It was at Ooty that I realized that we were now too old for hill stations. Our tour was named “Filmy Chakkar”. The reason we opted for it was not that we wished to gawk at film shootings which were not very likely to be happening anyway but that it was the shortest tour among the three on offering. Of course we understood – as seasoned tourists – that some of the places we were to be shown would be only mentioned as we drove past. For instance the Hindustan Photo Film company was pointed out and so was the school ground where shootings had taken place. We were only too happy to keep moving on and any prolonged halt was met with our sighs and fervent hopes that we could get back on the van and be on our way to the next place of interest(!)
There was the Kamaraj dam where we were informed that since there was no water there was no need to stop. The Pykara dam drew the helpful comment from the tour guide Rafi that it was only a step waterfall and not very spectacular though it figured routinely in movies. After walking for a kilometre and climbing down several steps to see the waterfall, I decided to stay where I was because it didn’t seem to me that there was more to see.

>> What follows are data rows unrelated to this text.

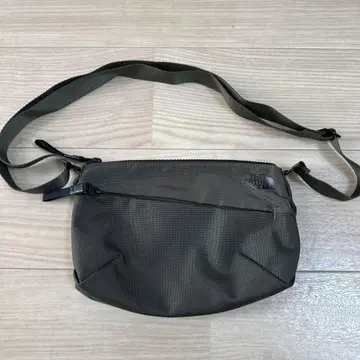 THE NORTH FACE 숄더백 카키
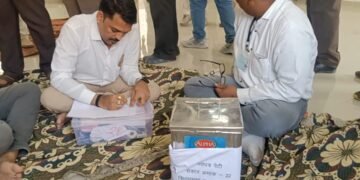 बदनावर : बदनावर विधानसभा में 80 प्लस के मतदान में बडी लापरवाही सामने आयी।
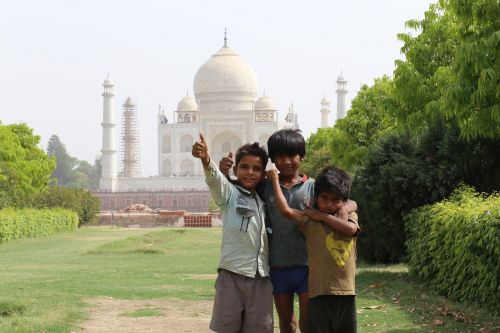 taj mahal indians children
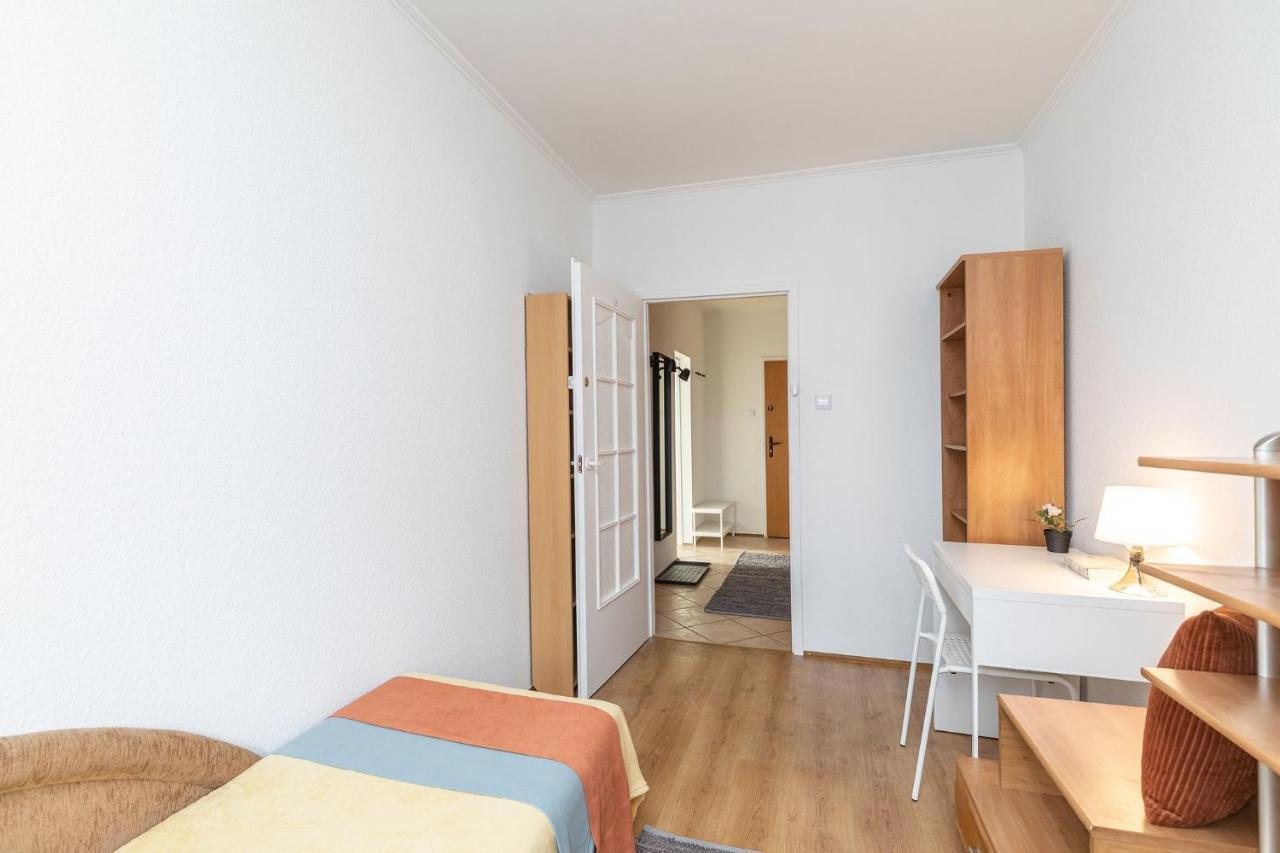 Room, Pirenejska 20 Cozy Rooms Warszawa Eksteriør billede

R. however decided to walk to the very end and came back with the information that there was nothing more to be seen.
The Pykara Boathouse with its large natural lake was beautiful but the boating fees were extortionate. Anyway I am one of those who think that looking at a lake is just as interesting as taking a boat ride on it, so we preferred to have an ice cream and look at the lake instead.
The tour took us to a steep hill where the guide told us we could see a peak called Mukkurthi which was supposed to look like a sleeping woman’s nose and presumably the rest of her. Both of us laboured our way up the hill with me hanging on to R’s arm and panting my way up to the top. The hill must have been really steep because others too seemed to have some difficulty negotiating it. After reaching the top we looked all around at the range of mountains but noticed that everybody was looking in a different direction and nobody seemed to have found The Nose. Meanwhile our guide seemed to have stayed back wisely and left us to it. We settled on a couple of nose-like peaks and decided we didn’t really care if we saw the nose or not. I was more worried about getting down and as it turned out, climbing down was even more difficult and maintaining my balance was next to impossible. I must have cut a very comical figure but I was concentrating on reaching level ground without tumbling down, which might have been an easier way of getting down.
After this when our guide avoided all the good restaurants and stopped outside a halal joint, we decided it was time to leave the tour and happily took a bus back to Coimbatore.